Ecco, in quest’ottica anche un album come “My God Has Got A Gun” dei Vukovi assume un valore diverso. Il duo scozzese, composto dalla cantante Janine Shilstone e dal chitarrista Hamish Reilly, non presenta davvero nessuna caratteristica in grado di differenziarlo dalla massa di gruppi che, da qualche anno a questa parte, stanno provando a riportare in luce l’ampio spettro di sonorità racchiuse nella sfera del nu metal/alt metal. Si seguono le coordinate moderne e radio-friendly imposte da grandi nomi del settore come Bring Me The Horizon e Babymetal.

I Vukovi, da buoni gregari del genere, si limitano a un compitino di pregevole fattura che abbraccia tutti gli elementi stilistici tradizionali del genere: chitarre e batteria innaturalmente potenti poiché sottoposte a una cura di “steroidi” in studio; riffoni semplici ma impattanti; ritornelli super-pop che devono stamparsi in testa sin dal primissimo ascolto; breakdown “scapoccianti” presi in prestito dal metalcore; influenze pop punk che qui si manifestano nella voce di Shilstone, modellata su quella di Hayley Williams dei Paramore; gli immancabili inserti glitchati che, con quel loro retrogusto un po’ dubstep, danno un tocco elettronico a un sound già di per sé molto sintetico e artefatto.

Il duo scozzese si muove in questo preciso contesto musicale.

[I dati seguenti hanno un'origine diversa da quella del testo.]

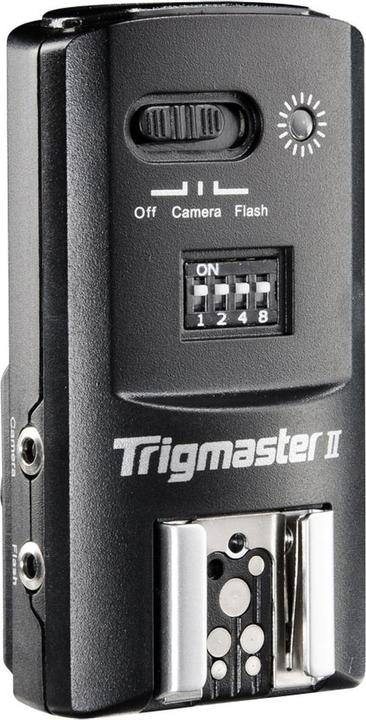 Produktbild Aputure Trigmaster II 2.4G Empfänger für Pentax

I Vukovi non alzano mai la testa per cercare di seguire piste alternative o personali, accontentandosi di dar vita a un album anonimo ma non incolore perché, in fondo in fondo, si lascia ascoltare con discreto piacere pur essendo un po’ fuori dal tempo (siamo nel 2005 o nel 2025?). Le canzoni della coppia Shilstone Reilly saranno pure derivative e indistinguibili l’una dall’altra ma, in non poche occasioni (“Gungho”, “My God Has Got A Gun”, “Fuc Kit Up”), sanno essere stuzzicanti e coinvolgenti. Tanto basta per poter ambire all’importante ruolo di “trampolini di lancio” per stuoli di imberbi da indottrinare al verbo del rock.